*** Begin section ***

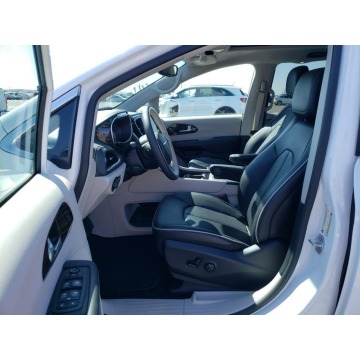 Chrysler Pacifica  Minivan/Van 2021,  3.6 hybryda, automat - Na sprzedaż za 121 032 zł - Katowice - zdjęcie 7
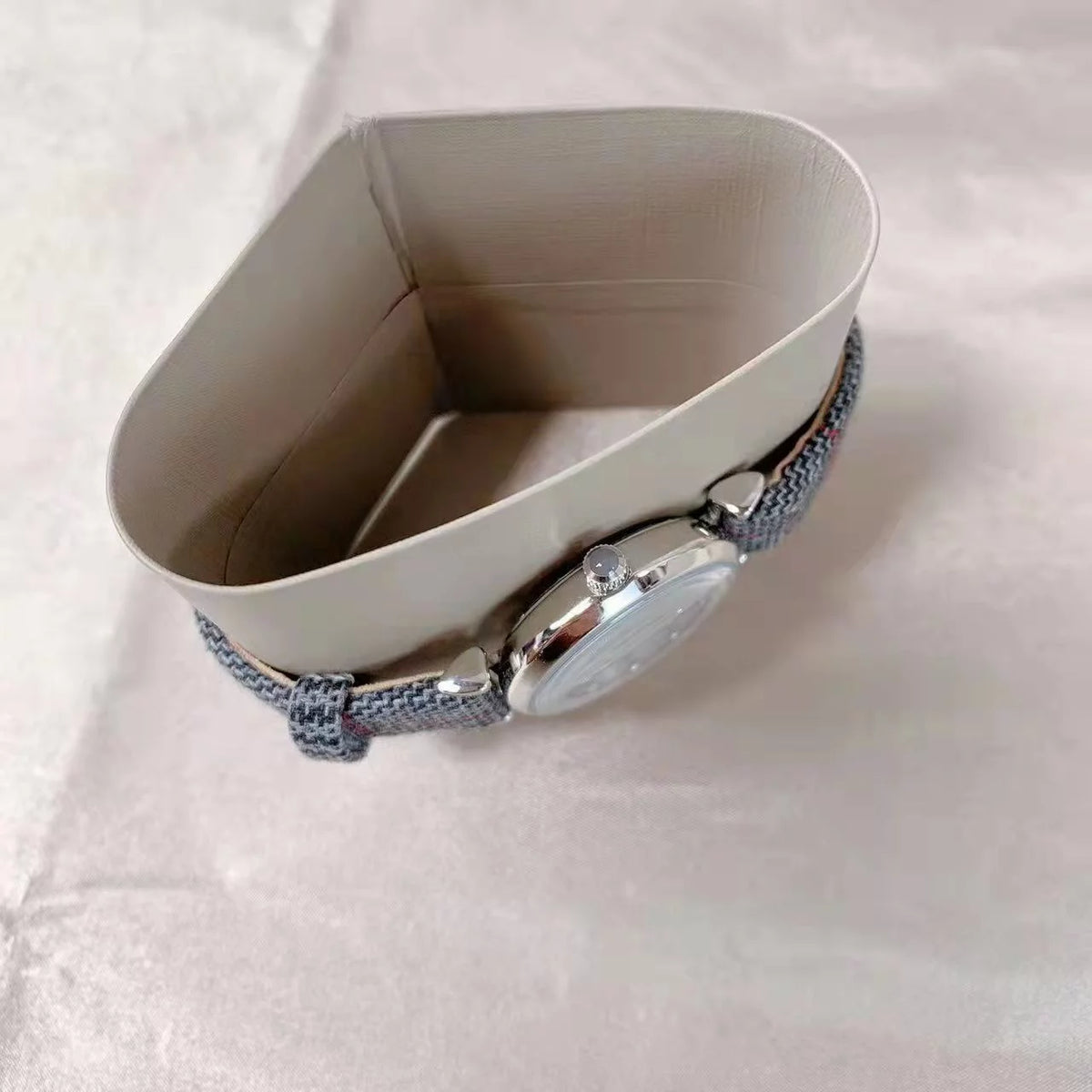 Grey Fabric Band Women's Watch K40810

*** End section ***
*** Begin section ***

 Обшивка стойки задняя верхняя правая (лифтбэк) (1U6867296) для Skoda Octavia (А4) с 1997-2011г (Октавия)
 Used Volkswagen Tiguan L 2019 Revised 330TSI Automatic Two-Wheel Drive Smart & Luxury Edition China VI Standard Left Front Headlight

*** End section ***
*** Begin section ***

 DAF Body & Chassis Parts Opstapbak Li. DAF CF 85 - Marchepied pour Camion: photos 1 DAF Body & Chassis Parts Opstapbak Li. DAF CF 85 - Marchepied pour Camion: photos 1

*** End section ***

Problem:
Exact copy, pictures excluded: from the line with "- zdjęcie 7" up to and including the line with "Grey Fabric Band Women's Watch K40810" in the data above.

Answer for this exercise:
 Chrysler Pacifica  Minivan/Van 2021,  3.6 hybryda, automat - Na sprzedaż za 121 032 zł - Katowice - zdjęcie 7
 Grey Fabric Band Women's Watch K40810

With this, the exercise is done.